There has been a large migration of Hindus from Guyana to North America, and among them have been our pandits. Fifty years ago it was felt—and now and again you will hear it, especially in Trinidad—that a pandit is supposed to be brahmin by birth. But that is no longer the case in Guyana. Perhaps 80 percent of our pandits are self-trained, but unsophisticated. Many of them are not connected to temples; they freelance, going into the community to serve whoever has a need for them, such as at weddings, funerals and the highly popular Hanuman puja. There are some fairly well-educated priests who will go a little beyond that, conducting regular discourses, but there are only a handful of these.
There are many aspiring priests who have set up organizations who probably hope to fill that role. But it has to be with the blessings of the dominant political party with which a group is affiliated. This is where politics have played a harmful role for us. As an example, during our anti-conversion outreach activities, politicians told us not to rock the boat. This is because our politics are divided. We succumb to race politics; there is a black component and there is an Indian component, and among the Indians are the Christians. This political influence is fairly strong. In a sense, Hindus in Guyana are prisoners in a political cage. We can’t get out of it because we are Indians; our voice must always be moderated according to the Indian political parties’ needs and demands. It causes tension, and it is a serious conflict for us.

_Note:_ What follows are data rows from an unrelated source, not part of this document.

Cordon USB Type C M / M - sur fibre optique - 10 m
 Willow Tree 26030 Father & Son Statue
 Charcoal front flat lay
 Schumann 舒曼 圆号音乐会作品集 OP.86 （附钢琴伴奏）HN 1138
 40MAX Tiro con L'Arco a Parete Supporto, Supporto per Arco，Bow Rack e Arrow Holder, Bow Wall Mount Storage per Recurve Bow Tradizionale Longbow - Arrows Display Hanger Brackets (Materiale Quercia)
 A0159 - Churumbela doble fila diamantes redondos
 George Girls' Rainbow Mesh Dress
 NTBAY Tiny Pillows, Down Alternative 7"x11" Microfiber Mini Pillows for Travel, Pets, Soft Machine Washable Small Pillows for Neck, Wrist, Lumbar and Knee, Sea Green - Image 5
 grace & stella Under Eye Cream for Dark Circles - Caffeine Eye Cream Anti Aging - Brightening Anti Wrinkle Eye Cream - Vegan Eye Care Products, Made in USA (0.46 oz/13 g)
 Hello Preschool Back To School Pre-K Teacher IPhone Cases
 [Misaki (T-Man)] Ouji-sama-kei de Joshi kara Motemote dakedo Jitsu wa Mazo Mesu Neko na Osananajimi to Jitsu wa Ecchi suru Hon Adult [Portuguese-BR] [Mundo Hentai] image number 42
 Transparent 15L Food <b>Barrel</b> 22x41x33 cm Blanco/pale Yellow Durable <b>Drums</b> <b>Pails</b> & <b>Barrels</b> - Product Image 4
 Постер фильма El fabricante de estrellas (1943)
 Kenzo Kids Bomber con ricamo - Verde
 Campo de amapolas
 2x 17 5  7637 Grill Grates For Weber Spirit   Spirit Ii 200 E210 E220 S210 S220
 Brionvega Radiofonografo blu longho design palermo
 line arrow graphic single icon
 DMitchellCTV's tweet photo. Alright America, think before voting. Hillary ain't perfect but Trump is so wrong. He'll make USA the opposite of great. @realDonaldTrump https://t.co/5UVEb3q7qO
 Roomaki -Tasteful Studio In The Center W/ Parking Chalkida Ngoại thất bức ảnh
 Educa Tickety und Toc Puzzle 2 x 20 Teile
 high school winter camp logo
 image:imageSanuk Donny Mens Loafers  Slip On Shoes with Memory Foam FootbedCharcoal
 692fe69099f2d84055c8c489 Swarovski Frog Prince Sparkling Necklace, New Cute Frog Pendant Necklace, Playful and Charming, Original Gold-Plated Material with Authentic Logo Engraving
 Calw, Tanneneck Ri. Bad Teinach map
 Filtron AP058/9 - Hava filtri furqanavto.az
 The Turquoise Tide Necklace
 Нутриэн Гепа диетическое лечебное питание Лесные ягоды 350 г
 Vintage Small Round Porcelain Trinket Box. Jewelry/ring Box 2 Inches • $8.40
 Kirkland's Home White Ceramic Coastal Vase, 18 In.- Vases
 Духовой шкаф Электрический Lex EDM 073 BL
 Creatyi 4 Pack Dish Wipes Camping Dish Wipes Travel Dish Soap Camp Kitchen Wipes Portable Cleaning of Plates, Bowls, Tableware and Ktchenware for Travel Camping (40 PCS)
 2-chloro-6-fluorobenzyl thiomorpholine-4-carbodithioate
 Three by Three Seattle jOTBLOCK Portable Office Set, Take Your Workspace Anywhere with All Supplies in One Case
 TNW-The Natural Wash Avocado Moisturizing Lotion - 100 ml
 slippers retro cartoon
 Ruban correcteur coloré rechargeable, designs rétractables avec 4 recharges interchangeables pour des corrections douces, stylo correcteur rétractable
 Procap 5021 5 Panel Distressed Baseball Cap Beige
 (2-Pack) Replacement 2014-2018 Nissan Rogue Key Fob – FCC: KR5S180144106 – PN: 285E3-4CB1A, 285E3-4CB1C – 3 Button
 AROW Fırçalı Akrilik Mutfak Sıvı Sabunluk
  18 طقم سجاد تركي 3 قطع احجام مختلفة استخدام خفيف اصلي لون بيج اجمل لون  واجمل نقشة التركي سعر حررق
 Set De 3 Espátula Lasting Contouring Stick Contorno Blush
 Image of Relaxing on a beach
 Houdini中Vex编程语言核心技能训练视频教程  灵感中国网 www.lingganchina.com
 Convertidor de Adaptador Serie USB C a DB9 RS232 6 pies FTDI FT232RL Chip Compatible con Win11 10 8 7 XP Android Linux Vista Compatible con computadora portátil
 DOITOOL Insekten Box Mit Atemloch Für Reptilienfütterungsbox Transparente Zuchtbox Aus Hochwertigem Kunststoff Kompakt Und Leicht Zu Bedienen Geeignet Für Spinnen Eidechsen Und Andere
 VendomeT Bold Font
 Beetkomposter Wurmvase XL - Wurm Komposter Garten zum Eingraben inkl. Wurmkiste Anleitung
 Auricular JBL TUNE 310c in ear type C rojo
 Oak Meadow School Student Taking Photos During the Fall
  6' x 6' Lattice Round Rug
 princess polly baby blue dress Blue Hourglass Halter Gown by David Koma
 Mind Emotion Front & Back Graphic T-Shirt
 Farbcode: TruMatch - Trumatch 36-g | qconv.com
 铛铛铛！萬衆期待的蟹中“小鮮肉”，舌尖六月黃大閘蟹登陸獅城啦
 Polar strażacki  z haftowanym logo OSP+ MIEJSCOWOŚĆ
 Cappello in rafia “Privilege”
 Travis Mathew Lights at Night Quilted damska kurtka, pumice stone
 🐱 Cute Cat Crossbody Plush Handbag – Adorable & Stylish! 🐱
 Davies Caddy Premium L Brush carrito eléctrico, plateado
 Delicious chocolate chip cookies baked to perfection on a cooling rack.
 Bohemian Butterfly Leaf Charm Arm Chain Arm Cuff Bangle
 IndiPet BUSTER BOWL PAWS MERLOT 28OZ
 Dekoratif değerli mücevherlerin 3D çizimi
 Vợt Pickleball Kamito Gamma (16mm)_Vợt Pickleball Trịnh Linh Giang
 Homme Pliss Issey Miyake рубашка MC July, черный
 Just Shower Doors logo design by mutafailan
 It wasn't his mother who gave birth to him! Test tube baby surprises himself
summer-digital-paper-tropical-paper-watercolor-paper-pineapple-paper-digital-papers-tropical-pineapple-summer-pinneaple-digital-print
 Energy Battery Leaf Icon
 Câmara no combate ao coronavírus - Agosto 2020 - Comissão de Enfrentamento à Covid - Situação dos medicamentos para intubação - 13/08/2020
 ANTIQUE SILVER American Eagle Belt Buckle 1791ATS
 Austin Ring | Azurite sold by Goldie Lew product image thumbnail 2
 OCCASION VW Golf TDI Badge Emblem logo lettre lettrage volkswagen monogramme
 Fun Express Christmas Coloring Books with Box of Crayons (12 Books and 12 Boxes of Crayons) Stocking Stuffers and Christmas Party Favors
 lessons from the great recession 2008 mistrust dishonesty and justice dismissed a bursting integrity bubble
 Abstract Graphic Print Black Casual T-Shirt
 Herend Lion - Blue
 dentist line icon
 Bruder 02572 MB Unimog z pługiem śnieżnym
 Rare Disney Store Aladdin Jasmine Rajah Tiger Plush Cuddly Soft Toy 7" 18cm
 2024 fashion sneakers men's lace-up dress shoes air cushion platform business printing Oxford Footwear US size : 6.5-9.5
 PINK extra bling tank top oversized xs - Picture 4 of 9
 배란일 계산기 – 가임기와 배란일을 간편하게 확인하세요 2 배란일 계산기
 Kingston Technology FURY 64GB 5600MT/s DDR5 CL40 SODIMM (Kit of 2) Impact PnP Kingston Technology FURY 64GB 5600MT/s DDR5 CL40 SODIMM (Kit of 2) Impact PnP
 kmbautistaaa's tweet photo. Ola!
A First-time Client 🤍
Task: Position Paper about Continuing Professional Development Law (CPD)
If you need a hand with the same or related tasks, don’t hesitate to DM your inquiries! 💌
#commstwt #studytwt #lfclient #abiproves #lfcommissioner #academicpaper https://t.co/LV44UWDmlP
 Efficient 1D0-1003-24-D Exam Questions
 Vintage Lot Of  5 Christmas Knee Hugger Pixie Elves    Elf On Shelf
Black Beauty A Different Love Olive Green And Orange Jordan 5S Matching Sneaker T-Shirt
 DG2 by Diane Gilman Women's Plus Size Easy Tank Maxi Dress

Bringing teachers and spreading knowledge should not cause much of a problem because others are bringing their best scholars and teachers. There is a constant flow of Christian missionaries from North America. We have fallen behind, not reaching out to the international community for the best that we could summon.
The typical Hindu child in Guyana is not proud of himself or herself—I wouldn’t say self-loathing, but somewhat ashamed to be Hindu. He or she would not stand up and identify himself or herself as a Hindu with the same kind of commitment and assertion that a Christian kid would. I am not saying that we must adopt the Christian or Muslim style. The tragedy is that we always are so defensive and apologetic about ourselves.
Our school just outside Georgetown has 525 students now. One of the reasons for starting it was to change that, to give Hindus a sense of identity, to bring them up strong and assertive, to give them an understanding about Hinduism so they can be proud of their heritage. But this is where we are at a severe disadvantage, because we don’t have the material and human resources.
If our vision can be replicated in different parts of Guyana and we can work primarily with young people, who are willing and excited to learn, I think we can make a difference.
I think Guyana needs a special medicine because of the level of our development. A transformation in the sense of pride in being Hindu is the change that I see our society needs. The work has to be done.